The two governments also signed an agreement on the implementation of the Advanced Infrastructure Component of the Metolong Dam and Water Supply Programme.

The deputy leader of the Lesotho Workers Party, Sello Maphalla, said Zuma’s visit was clearly intended to “secure more water for South Africa”.

“His focus was mainly on water prospects for South Africa. What he said about improving tourism through construction of the Sani Pass Road was nothing new,” Maphalla said.

“Mr Zuma’s visit disappointed us immensely. He failed to talk about problems affecting Basotho.

“He did not say anything of fundamental importance. He also did not touch on solutions for the ongoing border crisis which has inconvenienced Basotho.”

Khauhelo Ralitapole of the Basutoland African Congress said the border crisis “should have been given preference over all other issues”.

“We also wanted to discuss the matter with Mr Zuma but our request was declined on the basis that our government did not like it,” Ralitapole said.

“It was wrong for Mr Lehohla to mislead people by giving the impression that we would have access to Mr Zuma.”

Ralitapole also complained that Zuma’s visit “was nothing out of the ordinary”.

“I feel let down by the visit. It was a wasted journey which has done nothing for this country,” Ralitapole said.

The opposition forum’s spokesperson, Majara Molapo, said the opposition “is going to meet to discuss the way forward”.

“We are not going to sit around and do nothing. We are meeting on Monday (tomorrow) to discuss the way forward and explore other means of dealing with this issue,” Molapo said.

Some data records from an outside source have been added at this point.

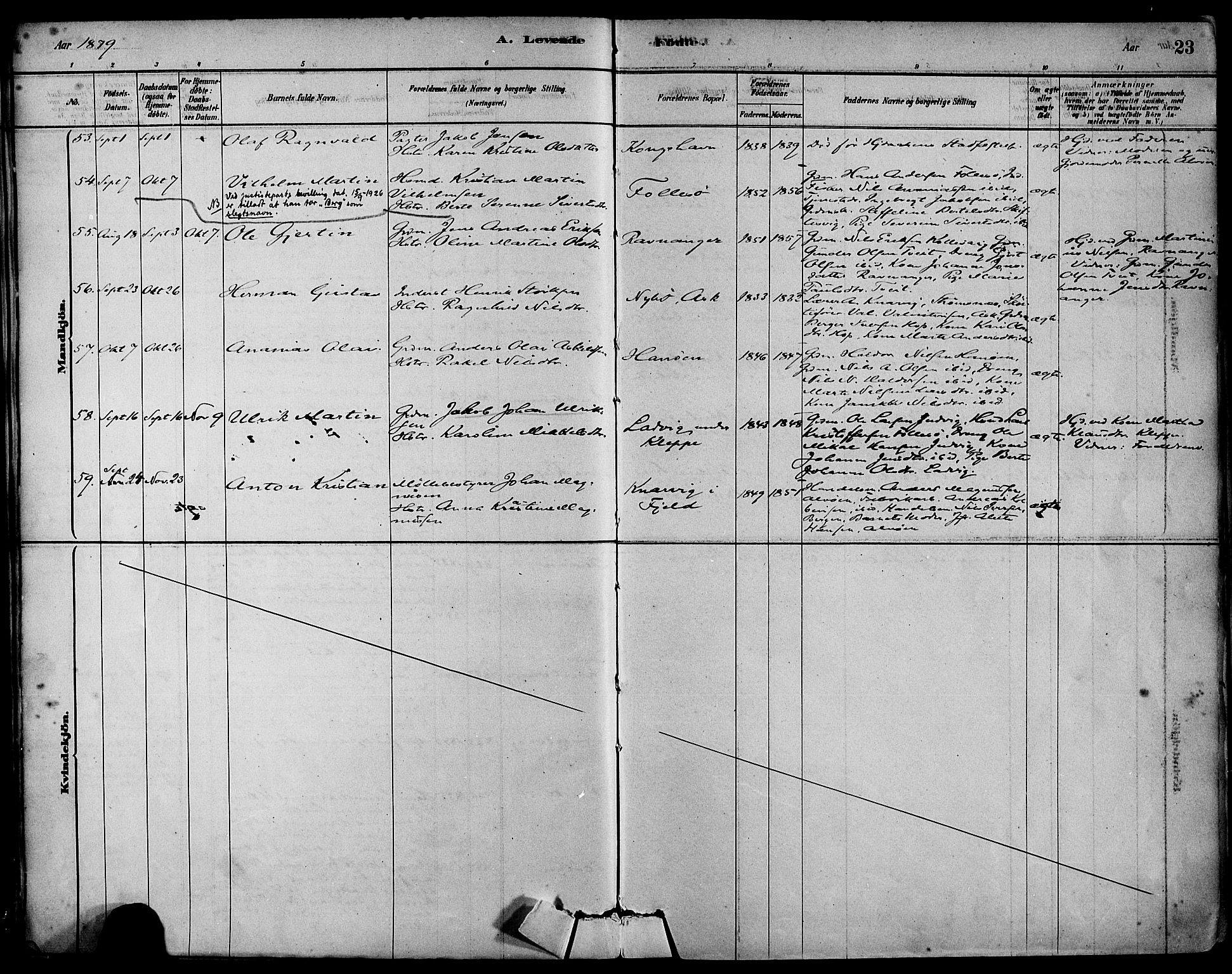 Askøy Sokneprestembete, AV/SAB-A-74101/H/Ha/Haa/Haab/L0001: Parish register (official) no. B 1, 1878-1889, p. 23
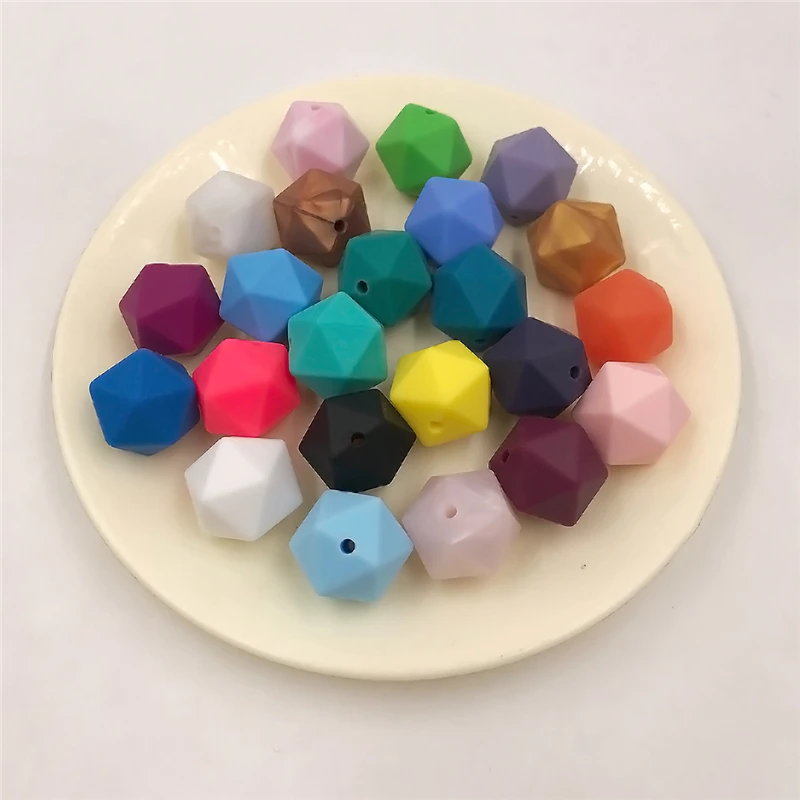 Cuentas de silicona de grado alimenticio sin BPA para dentici&oacute;n de beb&eacute;, mordedor de silicona suave de 17mm, icosahedro, pol&iacute;gono geom&eacute;trico, masticar-3
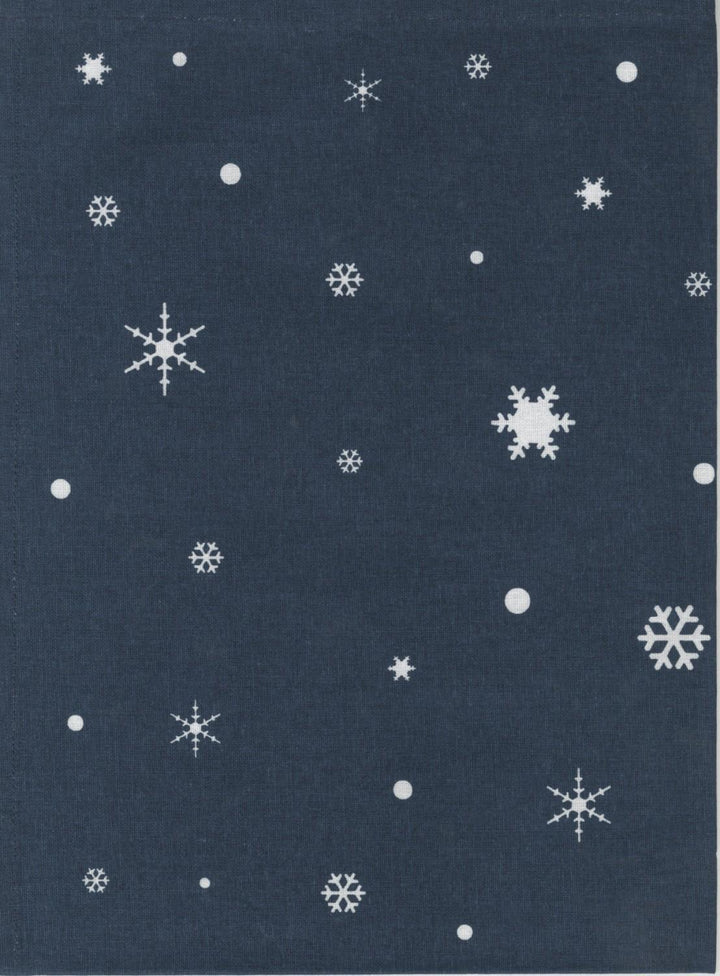 Tea Towel - Snowflake - Navy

Lehohla has however rebuffed opposition charges that they had been blocked from meeting Zuma.

“They did not ask for permission from me. Even if they had, it would ultimately have been President Zuma’s decision whether or not to indulge them,” Lehohla said.

“Besides, they had been requested prior to Zuma’s visit to make a submission of their grievances and issues they felt were worth discussing. But they failed to do so.”

Lehohla said he had never at any time promised opposition MPs that they would “talk directly to Zuma”.

He also accused opposition MPs of deliberately “failing to grasp the contents of my letter of response to their request” to reconvene parliament to discuss the border situation.

“I said we should await Zuma’s visit and his address of both parliament and the state banquet, analyse his speeches and form our opinions from there,” Lehohla said.